She and her team of volunteers have sifted through more than 3,000 entries this year, in genres including drawing, painting, sculpture, print and photography, to select about 750 pieces that will hang in the college’s main gallery and studios.

The process is meticulous, with double and triple checks to ensure that no student’s work is misplaced, and that no child’s name is misspelled on their certificate of participation.

This year’s judges were prolific artist and teacher Ray Jacob, who judged the elementary 2-D art; the Garden Grove Unified School District’s retired Coordinator of Fine Arts, Bernie Jones, who judged the secondary-level 2-D art; and Festival of Arts exhibitor and art professor Pat Sparkuhl, who judged the 3-D entries.

Thirteen high school students will receive scholarships to attend the college’s summer Portfolio Development Class.

The scholarship winners will be honored at a reception on the exhibition’s opening day.

Lawrence is also president and a founding member of Designing Women, a volunteer support group for the college that puts the event together each year.

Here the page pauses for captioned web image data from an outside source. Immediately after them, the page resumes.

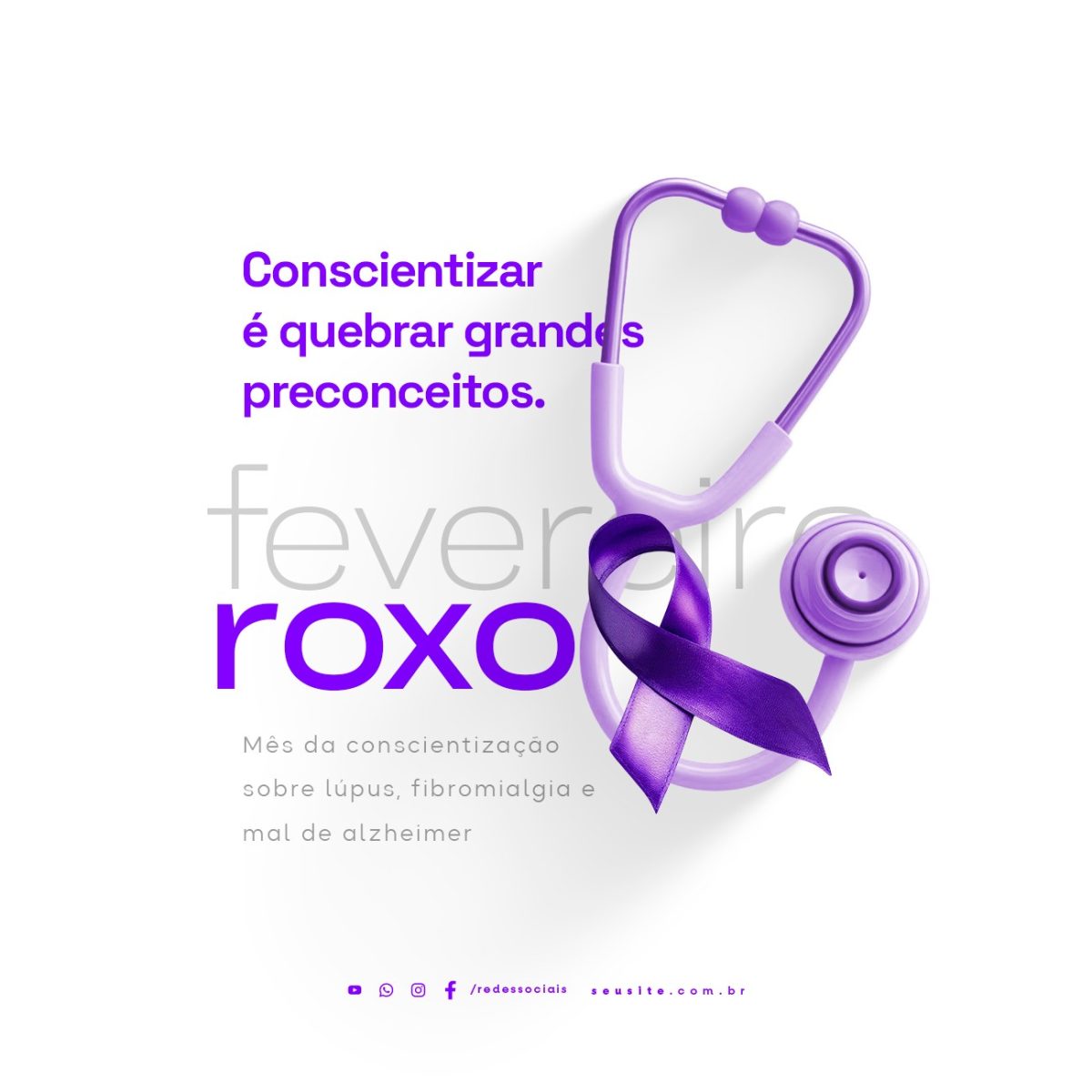 Fevereiro Roxo Mês da Conscientização Saúde PSD Editável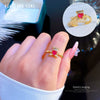 Wholesale Women's Brass Ring With The Crown Pattern Real Gold Electroplated Light Luxury Style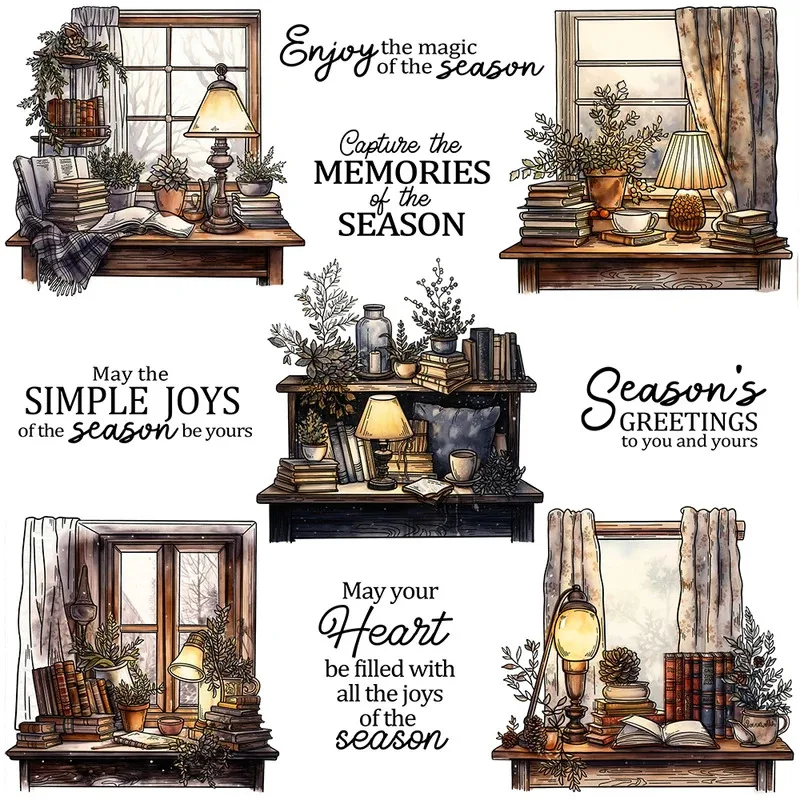 

Warm Home Desks Window Winter Days Clear Stamps DIY Scrapbooking Supplies Silicone Stamp For Card Making Albums Decor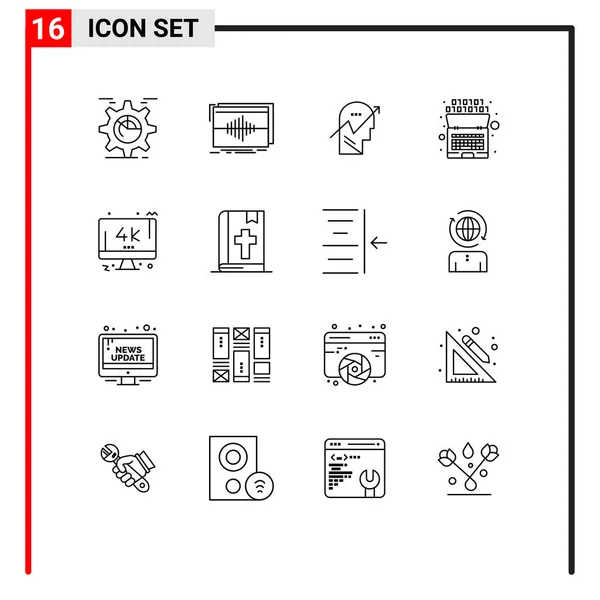 Vector Stock Icon Pack Líneas Signos Símbolos Para Código Artificial — Vector de stock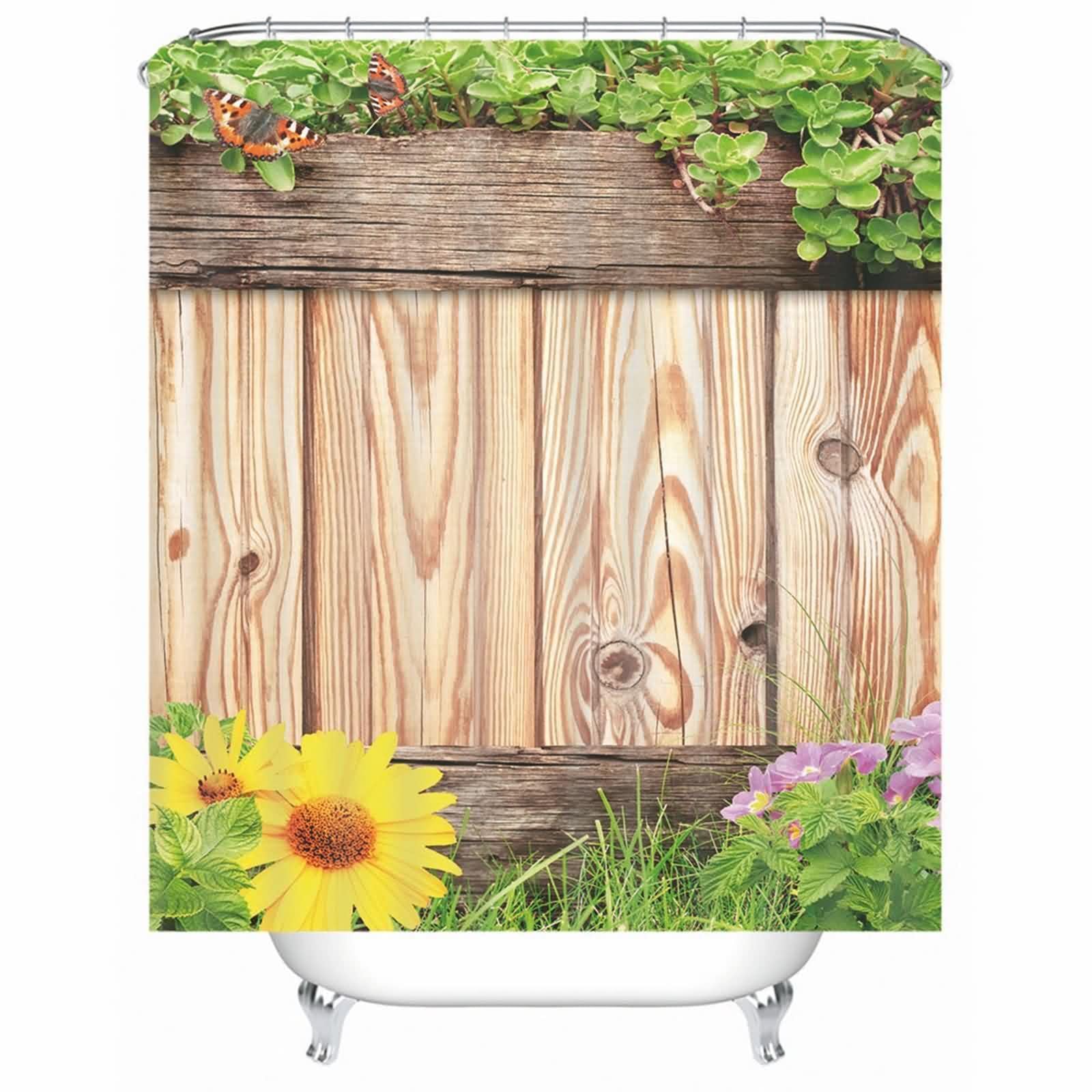 Rideau de douche anti-moisissure marron motif tournesols imperméable lavable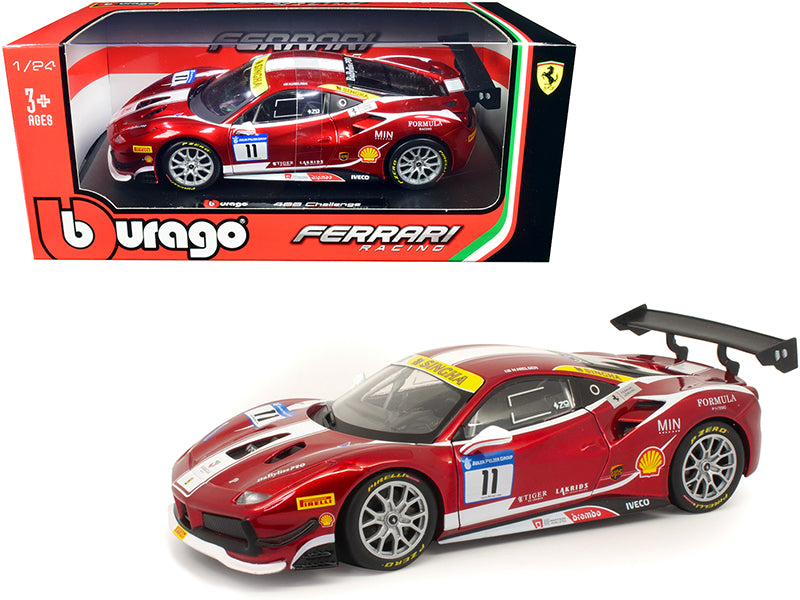 Ferrari 488 Challenge #11 Candy Red with White Stripes 'Ferrari Racing' 1/24 Diecast Model Car by Bburago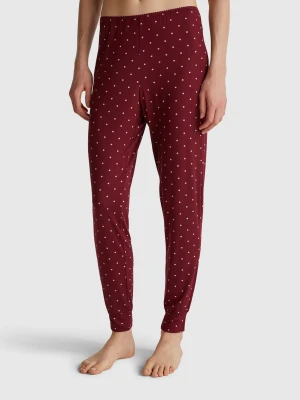 Benetton, Red Trousers With Polka Dot Print, size XXS, Burgundy, Women United Colors of Benetton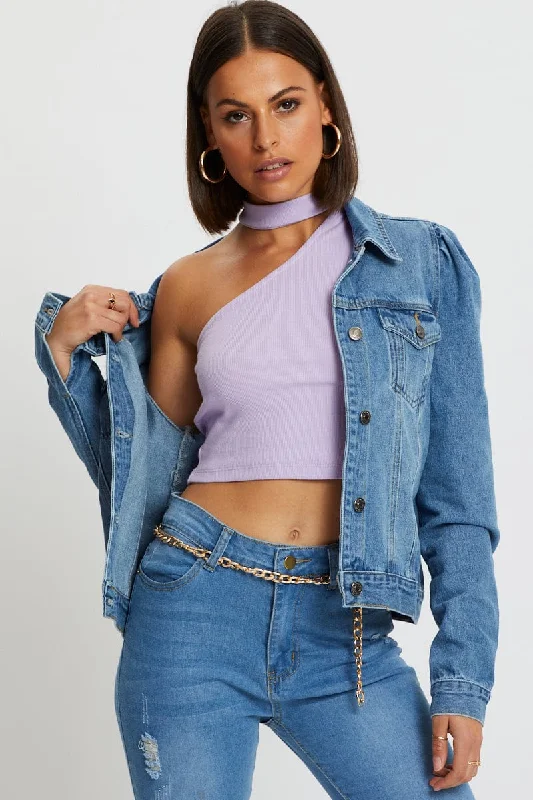 Unmissable Offer Purple Cutaway Halter Top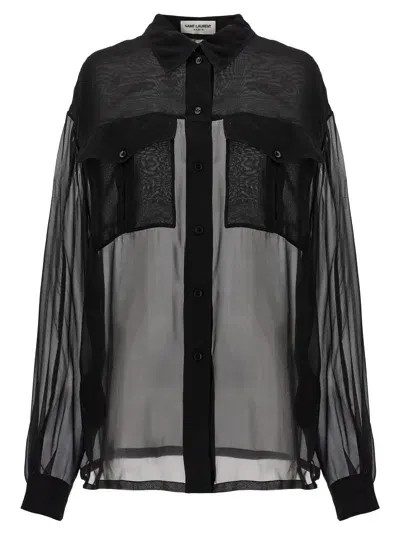 Saint Laurent Muslin Silk Shirt In Black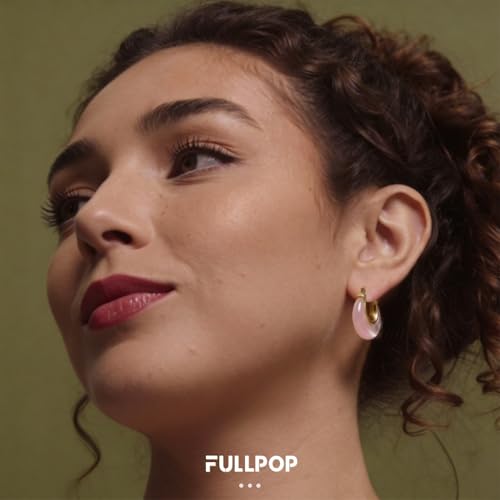 Fullpop Vintage Earrings for Women, Chunky 14K Gold Plated Resin Hoop Earrings Lightweight Hollow Drop Earrings Hypoallergenic Earrings for Women Vintage Anthropologie Jewelry Gifts for Women - size: Round-Pink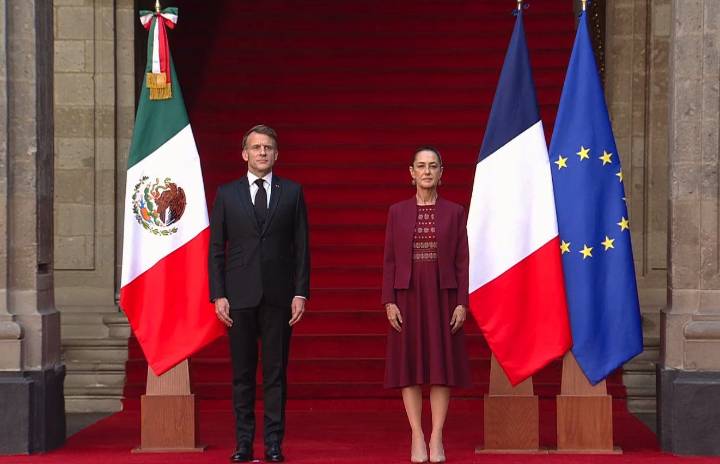 Recibe Claudia Sheinbaum a Emmanuel Macron en Palacio Nacional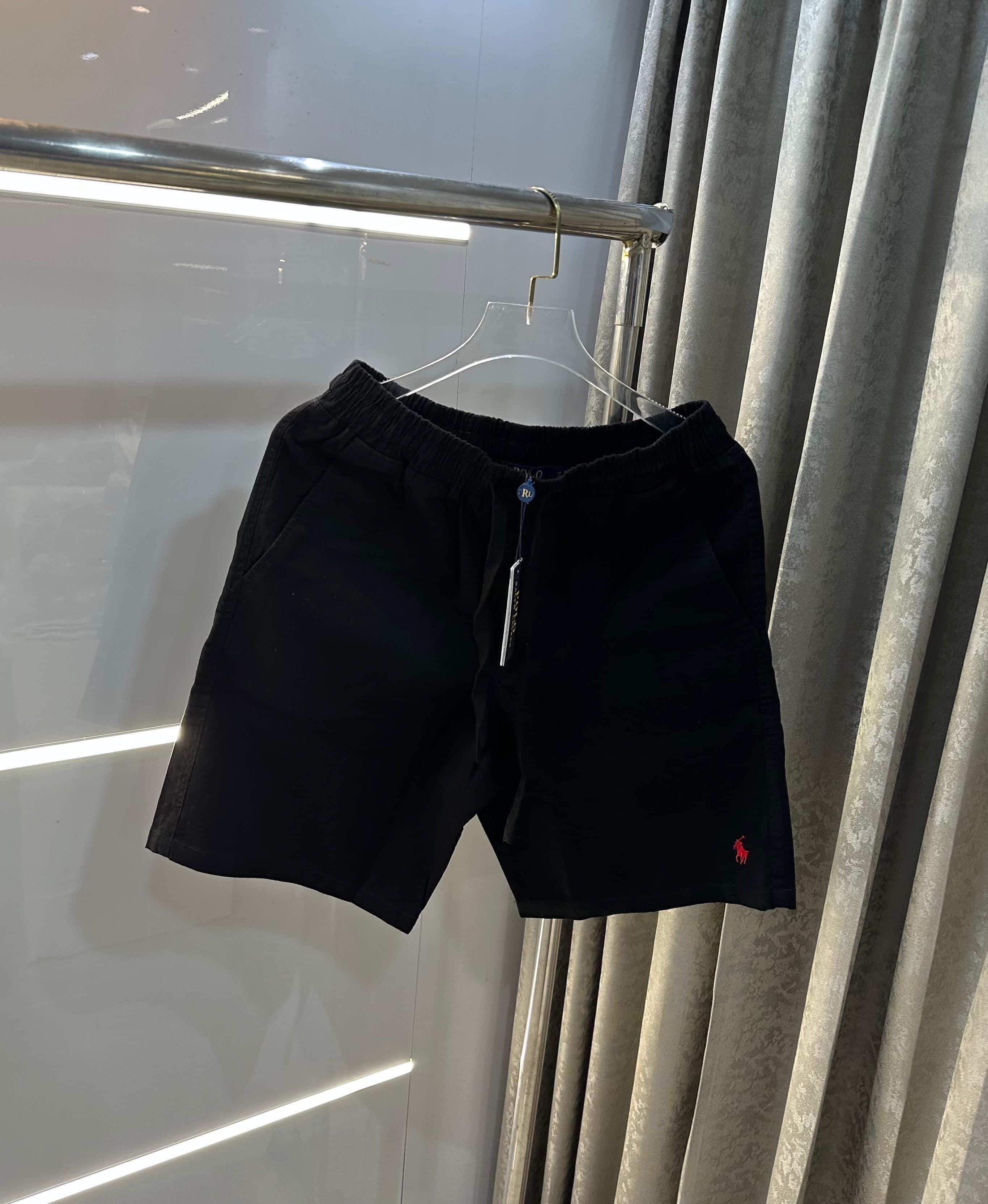 Ralph  Lauren Black Embroidery Logo Premium Shorts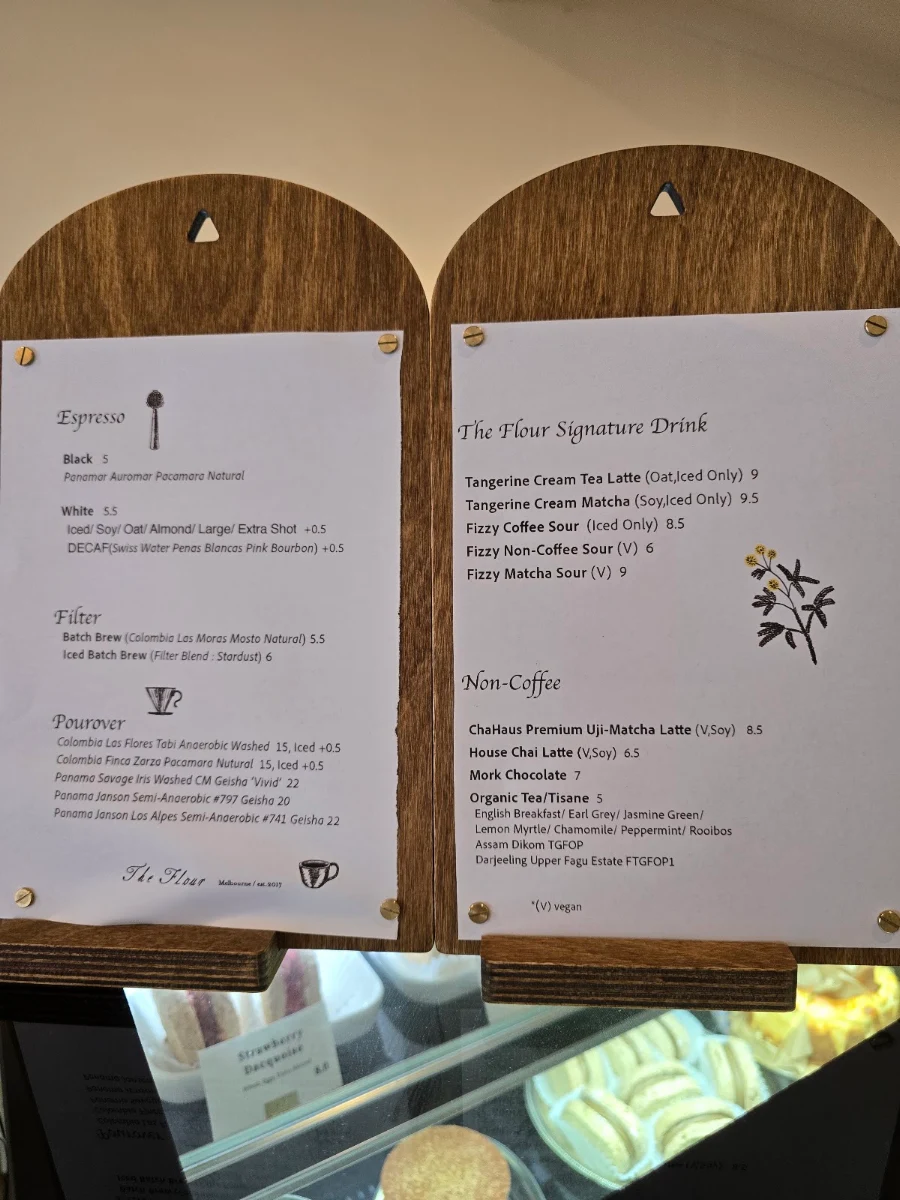 Menu, THE FLOUR MELBOURNE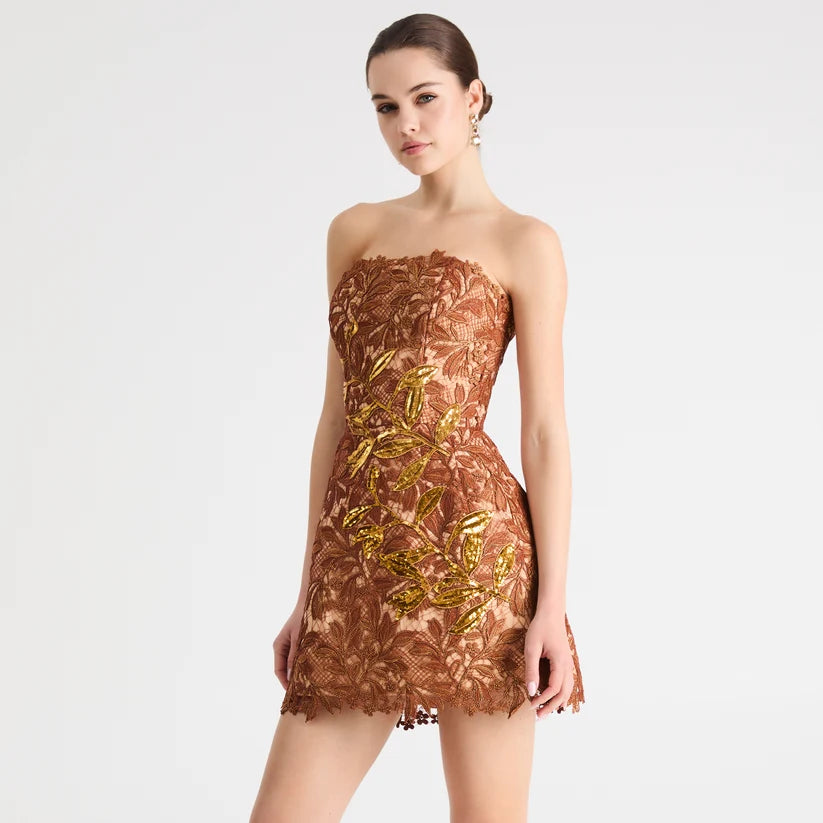 CLEO STRAPLESS FLORAL LACE MINI DRESS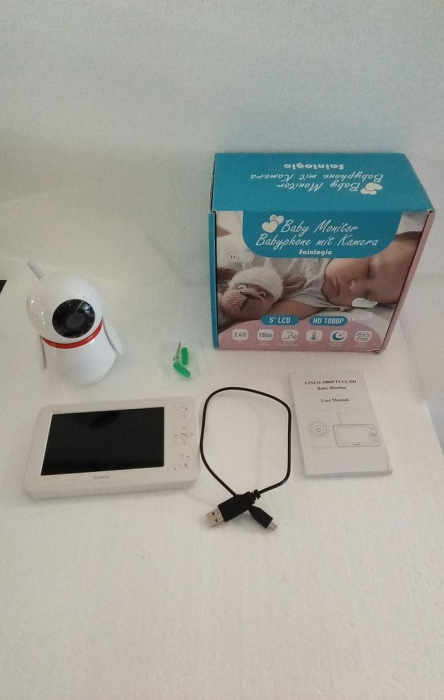 Monitor video pentru bebelusi Sainlogic, 1080P FHD, alb [2]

In addition to many second-generation entrants, Lawrence has also witnessed past winners who have gone on to teach children who now submit their own work.

A student from Shanghai who attended a school in Orange produced a gouache that struck Lawrence’s eye; the student earned a Color It Orange scholarship, showed at the Chinese Contemporary Art Gallery and now sends her own students’ work to be judged at Color It Orange.

One of her students will find out soon that they have won a scholarship, bringing the process full-circle.